Purification of the exopolysaccharide produced by Alteromonas infernus: identification of endotoxins and effective process to remove them
|Author(s)||Grivaud-Le Du Alicia1, Zykwinska Agata1, Sinquin Corinne1, Ratiskol Jacqueline1, Weiss Pierre2, Vinatier Claire2, Guicheux Jerome2, Delbarre-Ladrat Christine1, Colliec-Jouault Sylvia1|
|Affiliation(s)||1 : IFREMER, Lab Ecosyst Microbiens & Mol Marines Biotechnol, EM3B, Rue Ile dYeu, F-44311 Nantes 3, France.
2 : Univ Nantes, Inserm UMRS 1229, UFR Odontol, 1 Pl Alexis Ricordeau, F-44042 Nantes 1, France.

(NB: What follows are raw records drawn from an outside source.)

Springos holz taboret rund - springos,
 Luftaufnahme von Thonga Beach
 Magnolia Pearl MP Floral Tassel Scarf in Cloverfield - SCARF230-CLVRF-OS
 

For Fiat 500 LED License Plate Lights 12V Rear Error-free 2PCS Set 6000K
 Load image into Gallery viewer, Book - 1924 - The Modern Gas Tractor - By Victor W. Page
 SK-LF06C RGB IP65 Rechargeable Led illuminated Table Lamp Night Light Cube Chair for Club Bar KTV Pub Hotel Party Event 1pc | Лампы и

|Source||Applied Microbiology And Biotechnology (0175-7598) (Springer), 2017-09 , Vol. 101 , N. 17 , P. 6597-6606|
|WOS© Times Cited||2|
|Keyword(s)||Marine Alteromonas infernus, Bacterial exopolysaccharide, Endotoxin, Characterization, Purification, Fermentation, Process|
Alteromonas infernus bacterium isolated from deep-sea hydrothermal vents can produce by fermentation a high molecular weight exopolysaccharide (EPS) called GY785. This EPS described as a new source of glycosaminoglycan-like molecule presents a great potential for pharmaceutical and biotechnological applications. However, this unusual EPS is secreted by a Gram-negative bacterium and can be therefore contaminated by endotoxins, in particular the lipopolysaccharides (LPS). Biochemical and chemical analyses of the LPS extracted from A. infernus membranes have shown the lack of the typical LPS architecture since 3-deoxy-d-manno-oct-2-ulopyranosonic acid (Kdo), glucosamine (GlcN), and phosphorylated monosaccharides were not present. Unlike for other Gram-negative bacteria, the results revealed that the outer membrane of A. infernus bacterium is most likely composed of peculiar glycolipids. Furthermore, the presence of these glycolipids was also detected in the EPS batches produced by fermentation. Different purification and chemical detoxification methods were evaluated to efficiently purify the EPS. Only the method based on a differential solubility of EPS and glycolipids in deoxycholate detergent showed the highest decrease in the endotoxin content. In contrast to the other tested methods, this new protocol can provide an effective method for obtaining endotoxin-free EPS without any important modification of its molecular weight, monosaccharide composition, and sulfate content.